The proceedings of M. Dillon and the French admiral there in 1849, so far as we are informed respecting them, seem, both in their origin and in their nature, to have been incompatible with any just regard for the Hawaiian Government as an independent state. They can not, according to our impressions, be accounted for upon any other hypothesis than a determination on the part of those officers to humble and annihilate that Government for refusing to accede to demands which, if granted, must have been at the expense of all self respect and substantial sovereignty. The further enforcement of those demands which, it appears, is the object of Mr. Perrin’s mission, would be tantamount to a subjugation of the islands to the dominion of France. A step like this could not fail to be viewed by the Government and people of the United States with a dissatisfaction which would tend seriously to [Page 98] disturb our existing friendly relations with, the French Government. This is a result to be deplored. If, therefore, it should not be too late, it is hoped that you will make such representations upon the subject to the minister of foreign affairs of France as will induce that Government to desist from measures incompatible with the sovereignty and independence of the Hawaiian Islands, and to make amends for the acts which the French agents have already committed there in contravention of the law of nations and of the treaty between the Hawaiian Government and France.

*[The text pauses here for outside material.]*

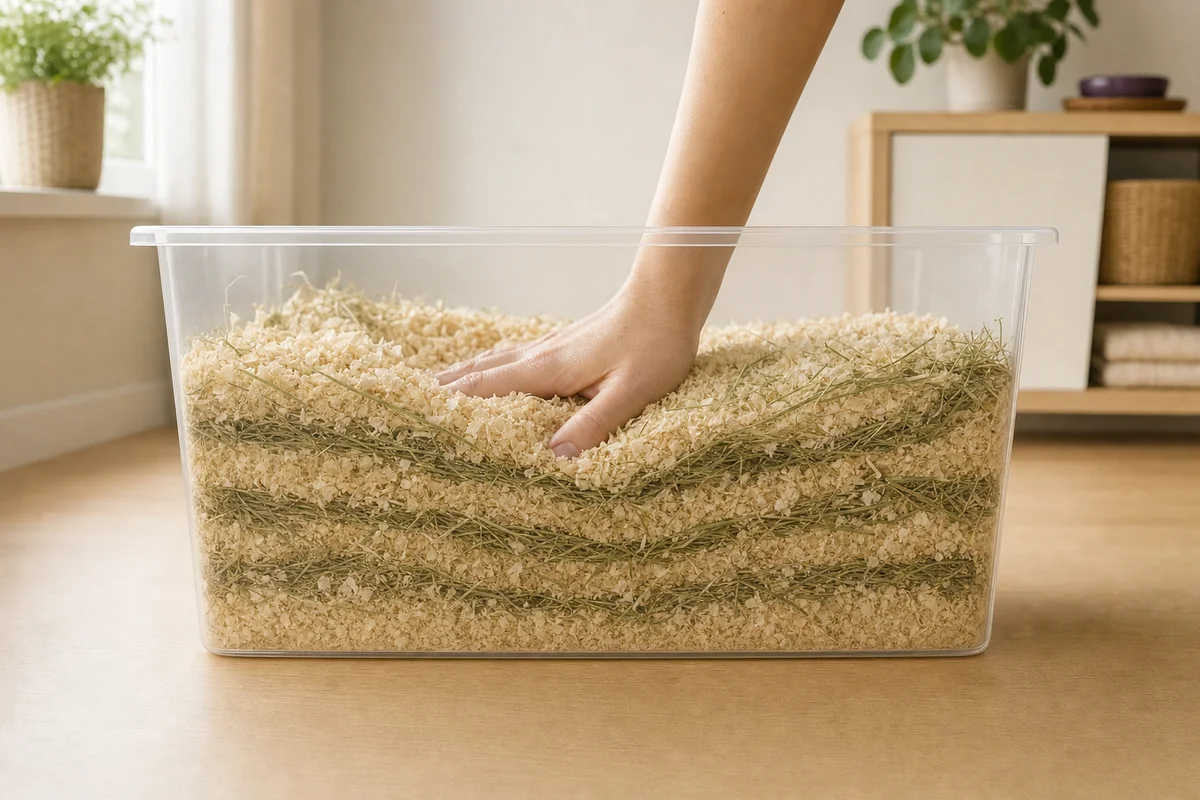 Test dłoni — warstwa ściółki przełożonej sianem tak gruba, że nie czuć dna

I am, sir, respectfully, your obedient servant,

Danl. Webster.

joint resolution.

Be it resolved by the nobles and representatives of the Hawaiian Islands in legislative council assembled, That, in the sense of this house, the demands of France are so clearly unjust and contrary to the laws of nations and to treaty, and the course pursued by her so incompatible with the existence of a regular independent government in these islands; if France should persist in such a course it will be the duty of the King to shield himself and his kingdom from insult and oppression by placing this kingdom under the protection of some friendly state; and that should such emergency be so urgent as not to admit of the legislative council being convened, it shall be left to His Majesty by and with the advice of his privy council, under such emergency, to consult the honor and safety of his kingdom, according to His Majesty’s best judgment; and that whatever he may do will be binding upon the nation.

  • Wm, L. Lee,
    Speaker of the House of Representatives.
  • Keoni Ana,
    President of the House of Nobles.

Approved by the King, August 4, 1851.

  • Kamehameha.
  • Keoni Ana.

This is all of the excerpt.